Career
On 5 January 1901 Prinzessin Victoria Luise left Hamburg on her maiden voyage. She called at Boulogne and Plymouth, and reached Hoboken, New Jersey on 17 January. At first, her cruises were sometimes called "tours".[1] On 26 January she left New York on her first tour, which was to Port-au-Prince; Santo Domingo; San Juan; St Thomas, in what were then the Danish West Indies; Saint-Pierre; Port of Spain; La Guaira: Puerto Cabello; Curaçao; Kingston; Santiago de Cuba; Cienfuegos; and Havana.[2] She arrived back in Hoboken on 2 March.[3] On 9 March, she left Hoboken on a her second tour,[4] which was to the Mediterranean and the Black Sea.[1] On 18 June she attended a Norddeutscher Regatta Verein regatta on the Elbe at Cuxhaven, where she hosted a dinner at which Wilhelm II gave a speech in which he praised Ballin as "a bold adventurer to make peaceful conquests, whose fruits our grandchildren will reap". The Kaiser also presented a portrait of himself to Ballin, bearing the dedication "to the farseeing and tireless pathbreaker for our German commerce and export".[5]
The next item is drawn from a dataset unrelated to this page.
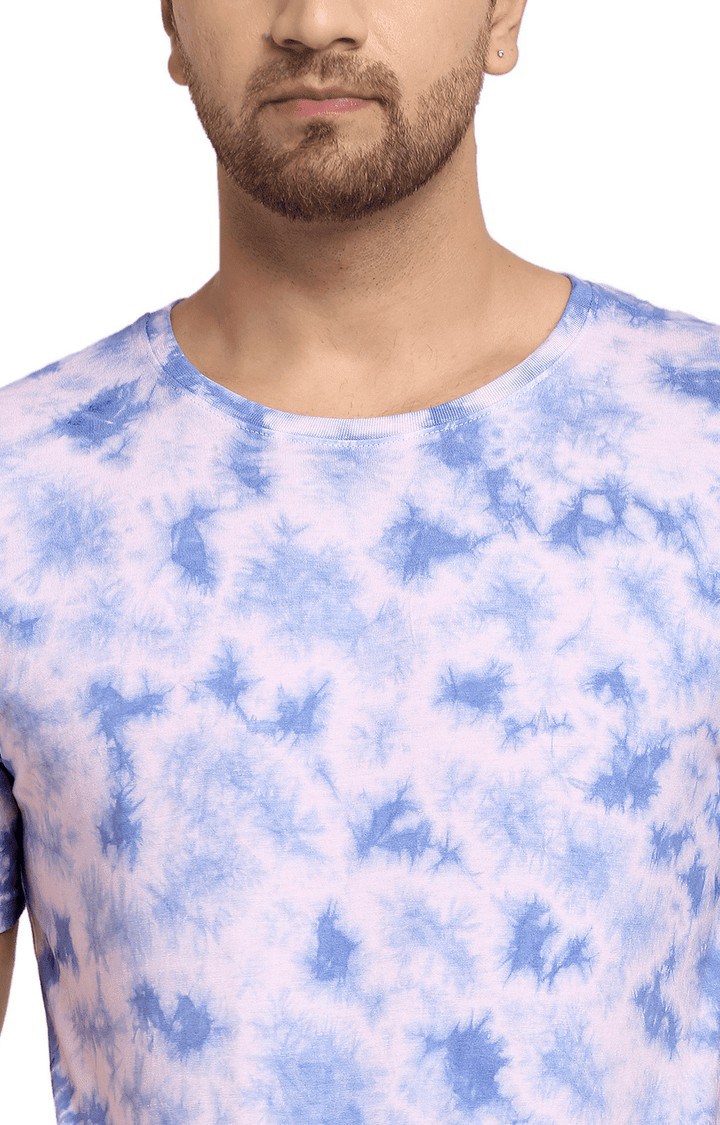 Men Pink Cotton Relaxed Fit  Regular T-shirt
In February and March 1902 Prince Henry of Prussia visited the United States. On 11 March, as he left Hoboken aboard SS Deutschland (1900) to return home, the Hudson County Choristers sang to him from the deck of Prinzessin Victoria Luise.[6] Edward VII and Queen Alexandra were due to be crowned in Westminster on 26 June 1902. HAPAG arranged for Prinzessin Victoria Luise to leave New York on 10 June to take passengers to England for the coronation, calling at Le Havre and Hamburg as well as London.[7] However, Edward fell ill, and the coronation was postponed until 9 August.
In February and March 1903, Prinzessin Victoria Luise made a cruise that visited Bermuda as well as the Caribbean.[8] That summer, HAPAG scheduled her to sail to North Cape and Spitzbergen (now Svalbard) in Norway, and to the Baltic, leaving Hamburg on 6 June, 8 July and 28 July.[9] In September 1903 HAPAG announced that she would make a four-and-a-half month cruise almost the whole way around the World, including a fortnight in Japan. She would start on 13 September 1904, sail eastbound, and end at San Francisco on 26 January 1905.[10] On 12 April 1904 the ship left Hoboken on a cruise to the Mediterranean.[11]
In January 1904, in port in La Guaira, Prinzessin Victoria Luise hosted a reception at which HAPAG company officials entertained President Castro of Venezuela.[12] That May HAPAG revised her round-the-World tour plan. She would start from Hamburg on 25 September, and passengers from the United States could join her via the company's scheduled transatlantic services from New York. Ports of call were to include Lisbon, Gibraltar, Genoa, Piraeus, Istanbul, Jaffa, and Port Said, whence she would pass through the Suez Canal. She would then continue via Bombay (now Mumbai) and Calcutta. Passengers were offered the option to leave the ship at Bombay, make an 18-day overland tour of India, and rejoin her at Calcutta. She was to continue via Singapore, Manila, Hong Kong, Shanghai, Nagasaki, Kobe, and Yokohama. Her intended arrival in San Francisco was brought forward to 17 January 1905. She was to leave San Francisco on 24 January to make her return voyage.[13] The ship would carry a band of musicians to entertain her 200 passengers.[14]
In June 1906 HAPAG announced that it would transfer Prinzessin Victoria Luise to its Atlas Service between Hoboken and the Caribbean, along with the Prinz-class cargo liners SS Prinz Eitel Friedrich, SS Prinz Waldemar, SS Prinz August Wilhelm, and SS Prinz Joachim. Prinzessin Victoria Luise's route would be between Hoboken and Jamaica. The Prinz-class ships would work the route between Hoboken and Colón via Kingston.[15]